The authority to designate preferred stock may be used to issue series of preferred stock, or rights to acquire preferred stock, that could dilute the interest of, or impair the voting power of, holders of the common stock or could also be used as a method of determining, delaying or preventing a change of control.

 

Advance Notice Bylaws. The Bylaws contain an advance notice procedure for stockholder proposals to be brought before any meeting of stockholders, including proposed nominations of persons for election to the Board. Stockholders at any meeting will only be able to consider proposals or nominations specified in the notice of meeting or brought before the meeting by or at the direction of the Board or by a stockholder who was a stockholder of record on the record date for the meeting, who is entitled to vote at the meeting and who has given the Company’s corporate secretary timely written notice, in proper form, of the stockholder’s intention to bring that business before the meeting.
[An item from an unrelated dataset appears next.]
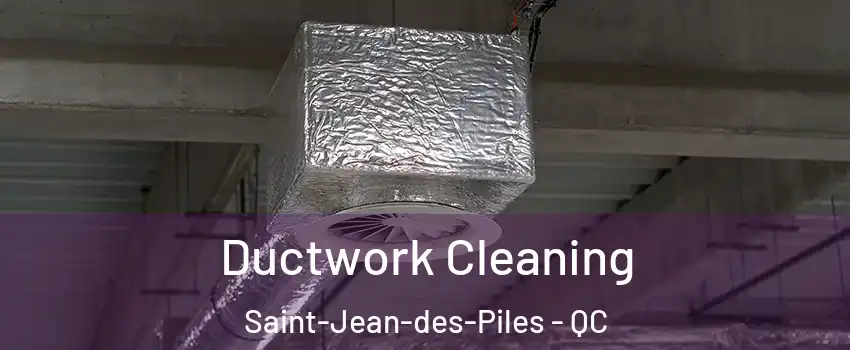  Ductwork Cleaning Saint-Jean-des-Piles - QC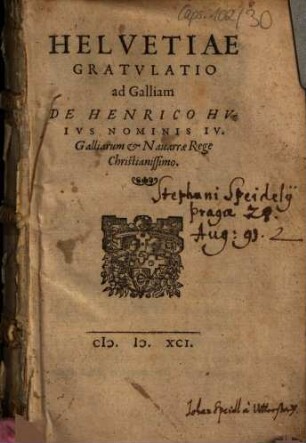 Helvetiae Gratulatio ad Galliam De Henrico Huius Nominis IV. Galliarum et Navarrae Rege Christianissimo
Although the Bylaws do not give the Board the power to approve or disapprove stockholder nominations of candidates or proposals regarding other business to be conducted at a special or annual meeting, the Bylaws may have the effect of precluding the conduct of certain business at a meeting if the proper procedures are not followed or may discourage or deter a potential acquiror from conducting a solicitation of proxies to elect its own slate of directors or otherwise attempting to obtain control of the Company.

  

Exclusive Forum. The Bylaws provide that, unless the Company consent in writing to an alternative forum, the Court of Chancery of the State of Delaware (or, if the Court of Chancery does not have jurisdiction, the federal district court for the District of Delaware) will be the exclusive forum for: (i) any derivative action or proceeding brought on behalf of the Company; (ii) any action asserting a claim for breach of a fiduciary duty owed by any director, officer, employee, or agent of the Company to it or its stockholders; (iii) any action asserting a claim arising pursuant to any provision of the Delaware General Corporation Law, the Certificate of Incorporation, or the Bylaws; and (iv) any action asserting a claim governed by the internal affairs doctrine (the “Delaware Forum Provision”). In addition, the Company’s Bylaws provide that any person or entity purchasing or otherwise acquiring any interest in shares of its common stock is deemed to have notice of and consented to the Delaware Forum Provision. The Delaware Forum Provision will not apply to suits brought to enforce any duty or liability created by the Securities Act, the Exchange Act or any other claim for which the federal courts have exclusive jurisdiction. The Company recognizes that the Delaware Forum Provision in its Bylaws may impose additional litigation costs on stockholders in pursuing any such claims, particularly if the stockholders do not reside in or near the State of Delaware. Additionally, the Delaware Forum Provision may limit the Company’s stockholders’ ability to bring a claim in a forum that they find favorable for disputes with the Company or its directors, officers or employees, which may discourage such lawsuits against the Company or its directors, officers and employees even though an action, if successful, might benefit the Company’s stockholders.

 

Transfer Agent and Registrar

 

The Company’s transfer agent and registrar for its capital stock is Manhattan Transfer Registrar Company, whose address is 38B Sheep Pasture Road, Port Jefferson, New York 11777.